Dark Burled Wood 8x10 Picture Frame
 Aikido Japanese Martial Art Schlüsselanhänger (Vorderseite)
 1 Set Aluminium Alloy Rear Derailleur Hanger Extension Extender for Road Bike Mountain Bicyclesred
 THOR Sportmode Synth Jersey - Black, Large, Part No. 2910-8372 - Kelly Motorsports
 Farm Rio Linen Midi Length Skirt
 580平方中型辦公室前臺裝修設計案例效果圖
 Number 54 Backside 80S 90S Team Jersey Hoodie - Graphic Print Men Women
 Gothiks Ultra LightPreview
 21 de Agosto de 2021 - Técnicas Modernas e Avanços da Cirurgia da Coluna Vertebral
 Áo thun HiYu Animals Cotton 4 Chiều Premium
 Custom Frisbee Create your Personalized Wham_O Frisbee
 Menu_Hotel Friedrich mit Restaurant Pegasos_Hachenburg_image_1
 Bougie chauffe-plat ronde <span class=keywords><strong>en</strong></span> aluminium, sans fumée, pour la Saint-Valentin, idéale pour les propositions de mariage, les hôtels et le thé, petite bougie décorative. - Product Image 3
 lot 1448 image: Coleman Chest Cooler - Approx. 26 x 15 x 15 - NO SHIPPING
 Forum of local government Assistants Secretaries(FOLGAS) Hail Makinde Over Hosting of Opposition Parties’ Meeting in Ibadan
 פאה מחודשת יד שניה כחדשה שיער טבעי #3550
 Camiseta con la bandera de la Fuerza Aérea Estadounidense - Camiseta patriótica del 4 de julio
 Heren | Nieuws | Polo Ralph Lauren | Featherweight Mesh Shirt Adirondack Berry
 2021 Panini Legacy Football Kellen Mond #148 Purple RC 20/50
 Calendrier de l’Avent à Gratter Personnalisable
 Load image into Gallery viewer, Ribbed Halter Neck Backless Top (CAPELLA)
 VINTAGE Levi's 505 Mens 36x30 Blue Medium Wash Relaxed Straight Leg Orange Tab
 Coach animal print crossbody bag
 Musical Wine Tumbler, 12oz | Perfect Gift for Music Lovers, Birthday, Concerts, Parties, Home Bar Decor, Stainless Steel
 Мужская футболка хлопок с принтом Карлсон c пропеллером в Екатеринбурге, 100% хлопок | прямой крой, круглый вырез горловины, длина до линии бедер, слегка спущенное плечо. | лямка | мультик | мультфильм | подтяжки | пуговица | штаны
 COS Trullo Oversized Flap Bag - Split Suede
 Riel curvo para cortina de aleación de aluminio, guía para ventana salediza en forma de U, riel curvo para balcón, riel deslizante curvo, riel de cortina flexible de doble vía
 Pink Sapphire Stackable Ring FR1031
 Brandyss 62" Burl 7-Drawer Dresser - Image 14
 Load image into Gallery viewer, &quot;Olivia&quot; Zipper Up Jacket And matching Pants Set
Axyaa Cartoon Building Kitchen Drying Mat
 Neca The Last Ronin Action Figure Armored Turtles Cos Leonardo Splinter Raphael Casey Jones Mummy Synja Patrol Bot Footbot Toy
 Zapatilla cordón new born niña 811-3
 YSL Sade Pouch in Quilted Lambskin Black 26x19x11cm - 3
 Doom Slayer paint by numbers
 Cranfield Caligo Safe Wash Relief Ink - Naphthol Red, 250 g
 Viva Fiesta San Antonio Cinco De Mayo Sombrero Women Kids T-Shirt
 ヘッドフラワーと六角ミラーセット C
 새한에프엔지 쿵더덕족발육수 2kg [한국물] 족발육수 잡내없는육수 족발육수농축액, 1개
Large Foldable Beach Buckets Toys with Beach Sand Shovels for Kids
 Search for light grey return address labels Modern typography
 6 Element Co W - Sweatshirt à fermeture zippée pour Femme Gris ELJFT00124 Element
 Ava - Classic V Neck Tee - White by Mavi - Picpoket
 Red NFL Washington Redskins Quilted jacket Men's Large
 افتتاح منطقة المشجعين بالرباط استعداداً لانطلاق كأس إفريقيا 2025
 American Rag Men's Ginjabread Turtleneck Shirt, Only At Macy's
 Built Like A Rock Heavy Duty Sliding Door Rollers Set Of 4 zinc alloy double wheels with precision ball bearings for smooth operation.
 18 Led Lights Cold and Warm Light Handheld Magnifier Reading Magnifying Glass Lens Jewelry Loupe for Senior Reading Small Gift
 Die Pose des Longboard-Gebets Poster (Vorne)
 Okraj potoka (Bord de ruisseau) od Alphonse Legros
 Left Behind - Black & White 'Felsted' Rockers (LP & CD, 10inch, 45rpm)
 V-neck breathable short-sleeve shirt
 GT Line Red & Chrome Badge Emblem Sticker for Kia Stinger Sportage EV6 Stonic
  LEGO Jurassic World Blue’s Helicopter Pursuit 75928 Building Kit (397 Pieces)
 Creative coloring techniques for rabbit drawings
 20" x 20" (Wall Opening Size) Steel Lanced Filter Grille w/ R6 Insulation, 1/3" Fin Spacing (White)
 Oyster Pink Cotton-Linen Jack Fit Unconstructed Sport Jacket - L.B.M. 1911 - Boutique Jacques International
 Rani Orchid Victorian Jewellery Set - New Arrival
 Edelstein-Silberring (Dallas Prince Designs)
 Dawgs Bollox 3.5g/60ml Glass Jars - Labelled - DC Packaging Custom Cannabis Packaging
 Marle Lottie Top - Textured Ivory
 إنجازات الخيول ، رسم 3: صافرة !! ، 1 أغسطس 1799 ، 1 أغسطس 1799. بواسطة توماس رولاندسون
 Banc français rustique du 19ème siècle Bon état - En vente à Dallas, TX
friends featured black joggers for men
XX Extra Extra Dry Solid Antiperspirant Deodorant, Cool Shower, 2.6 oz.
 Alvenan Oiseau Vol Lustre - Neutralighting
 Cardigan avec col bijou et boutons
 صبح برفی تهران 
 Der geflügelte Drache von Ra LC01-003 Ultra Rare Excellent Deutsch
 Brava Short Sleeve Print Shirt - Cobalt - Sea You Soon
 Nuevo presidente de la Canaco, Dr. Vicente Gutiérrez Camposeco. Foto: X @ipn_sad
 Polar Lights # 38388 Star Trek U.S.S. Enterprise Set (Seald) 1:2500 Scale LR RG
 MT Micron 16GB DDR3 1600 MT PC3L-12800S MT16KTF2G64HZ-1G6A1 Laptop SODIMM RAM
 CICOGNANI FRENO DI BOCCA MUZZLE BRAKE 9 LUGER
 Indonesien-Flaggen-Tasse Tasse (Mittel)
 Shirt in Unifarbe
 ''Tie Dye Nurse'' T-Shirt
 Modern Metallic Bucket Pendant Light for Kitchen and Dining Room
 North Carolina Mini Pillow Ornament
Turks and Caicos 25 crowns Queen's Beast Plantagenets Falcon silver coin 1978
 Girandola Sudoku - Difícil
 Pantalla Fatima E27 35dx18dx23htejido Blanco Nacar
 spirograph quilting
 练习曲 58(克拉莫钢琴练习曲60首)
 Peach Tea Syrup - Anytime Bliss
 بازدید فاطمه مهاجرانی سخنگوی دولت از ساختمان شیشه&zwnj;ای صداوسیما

#### WHAT IS NEEDED
Your output should be an exact copy of the lines from the top of the listing above to the line with "Áo thun HiYu Animals Cotton 4 Chiều Premium", both ends included.

#### ANSWER SPACE
Dark Burled Wood 8x10 Picture Frame
 Aikido Japanese Martial Art Schlüsselanhänger (Vorderseite)
 1 Set Aluminium Alloy Rear Derailleur Hanger Extension Extender for Road Bike Mountain Bicyclesred
 THOR Sportmode Synth Jersey - Black, Large, Part No. 2910-8372 - Kelly Motorsports
 Farm Rio Linen Midi Length Skirt
 580平方中型辦公室前臺裝修設計案例效果圖
 Number 54 Backside 80S 90S Team Jersey Hoodie - Graphic Print Men Women
 Gothiks Ultra LightPreview
 21 de Agosto de 2021 - Técnicas Modernas e Avanços da Cirurgia da Coluna Vertebral
 Áo thun HiYu Animals Cotton 4 Chiều Premium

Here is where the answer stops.